Top value and low debt at graduation earned UGA sixth-place status on Kiplinger’s Personal Finance list of 100 best values among public colleges and universities.
UGA’s ranking is for in-state value, an improvement over its eighth-place standing in 2011. For out-of-state value, UGA jumped from 19th in 2011 to ninth on the 2012 list.
Schools in the Kiplinger 100 were selected from a pool of more than 500 public four-year colleges and universities. They were then ranked according to academic quality—admission and retention rates, student-faculty ratios and four- and six-year graduation rates—as well as cost and financial aid.
“Each category measures a college’s ability to keep students engaged and on track for graduation,” wrote Jane Bennett Clark, Kiplinger’s Personal Finance senior editor. “On the cost side, we continue to reward colleges with low sticker prices and abundant financial aid. But now, as student debt grows worrisome, we give bonus points to colleges that keep borrowing low.”
The 2012 Kiplinger 100 marks the ninth year that UGA has ranked among the magazine’s top 10 values. Clark gave these reasons for UGA’s ranking: “This flagship university, in the music-centric town of Athens, knocks the average price down to $10,288 for students who qualify for need-based aid, and it keeps the average debt at graduation to a moderate $15,938.”
The HOPE scholarship also factored into UGA’s placement.

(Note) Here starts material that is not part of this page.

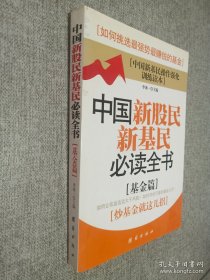 中国新股民新基民必读全书（基金篇）.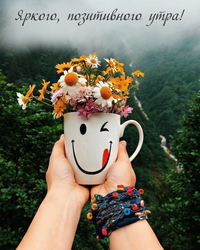 photowords_ru_11834.webp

Many of the university’s 25,947 undergraduates—and particularly its in-state freshmen—benefit from HOPE, which covers $3,182 per semester, or about a third of the cost of total tuition and fees.
Two other Georgia institutions of higher education also made the Kiplinger 100. The Georgia Institute of Technology ranked 31st for in-state value and North Georgia College and State University in Dahlonega came in 88th.